▶ [Assigned task]: With the pictures removed, reproduce exactly the lines from the one that contains "Used 2023 Lincoln" through the last line of the entries below.

Image-caption web data

*** Begin section ***

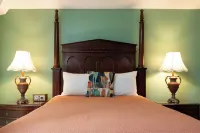 Hidden Garden Cottages & Suites - parking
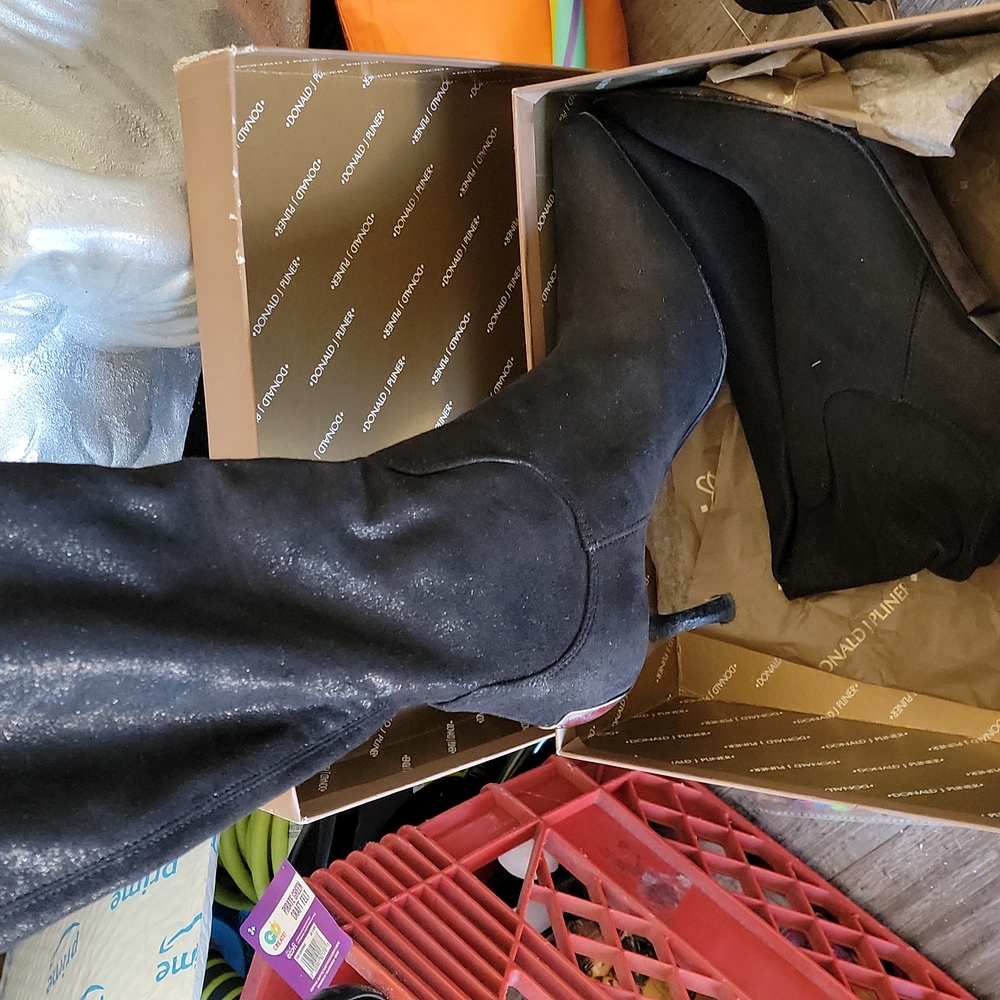 Donald j pliner size 6.5 knee high boots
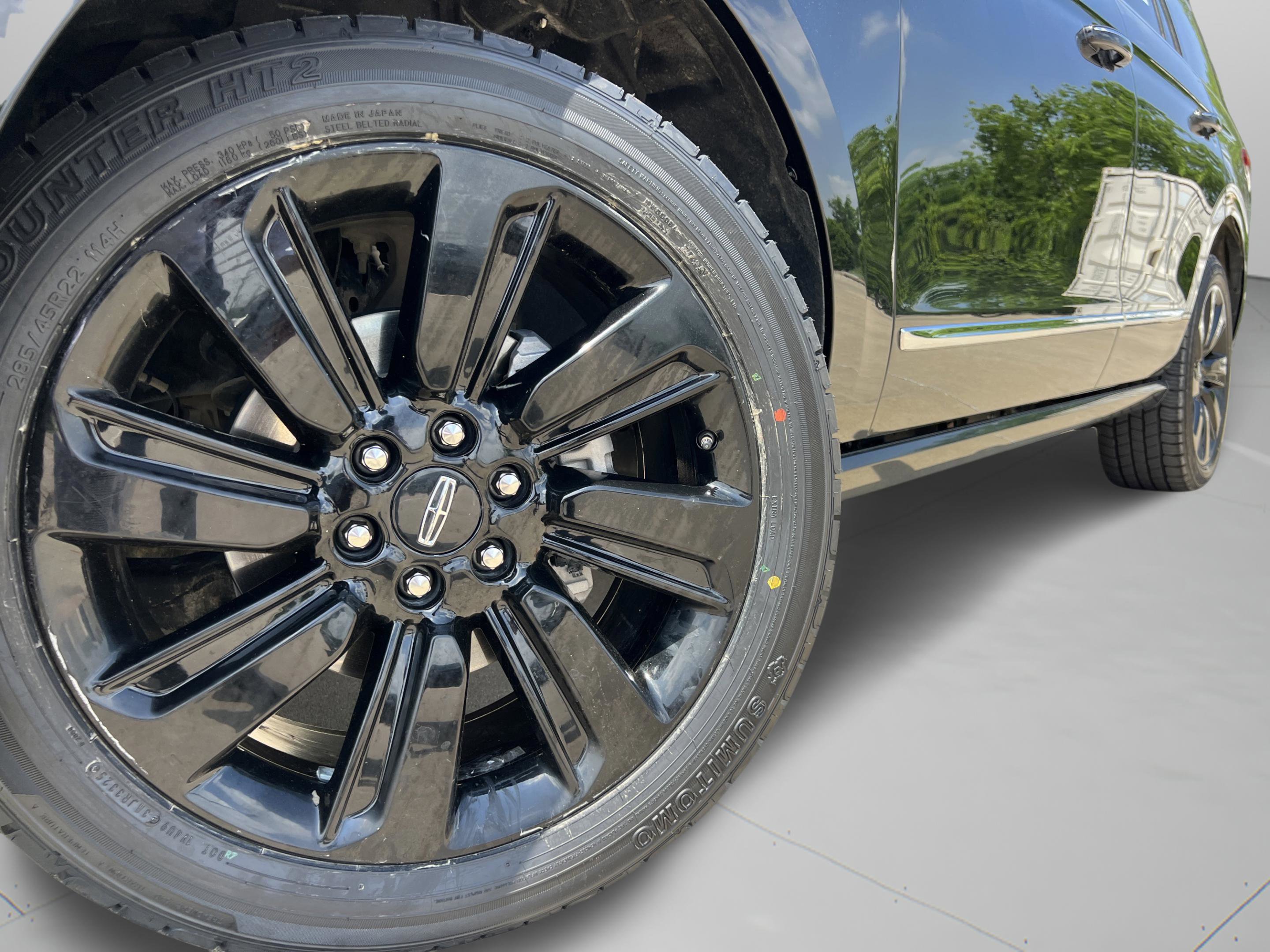 Used 2023 Lincoln Navigator Reserve AWD/4WD image 36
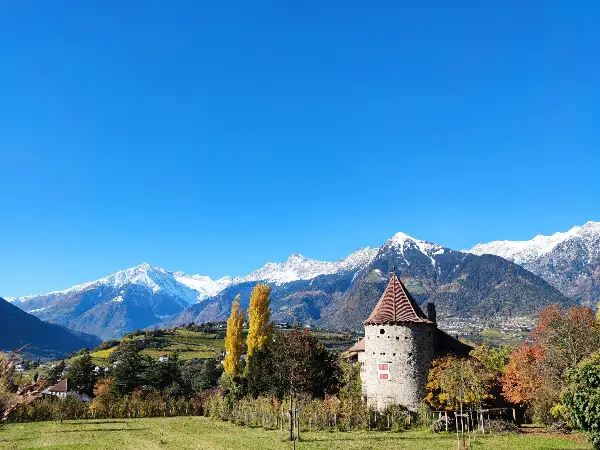 (Видео) Вино, планини и спа: Италијанскиот бисер што мора да го посетите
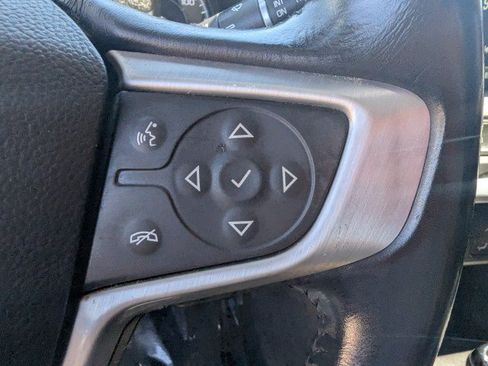 Used 2018 GMC Acadia SLE AWD/4WD image 14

*** End section ***

▶ [Completed task]:
 Used 2023 Lincoln Navigator Reserve AWD/4WD image 36
 (Видео) Вино, планини и спа: Италијанскиот бисер што мора да го посетите
 Used 2018 GMC Acadia SLE AWD/4WD image 14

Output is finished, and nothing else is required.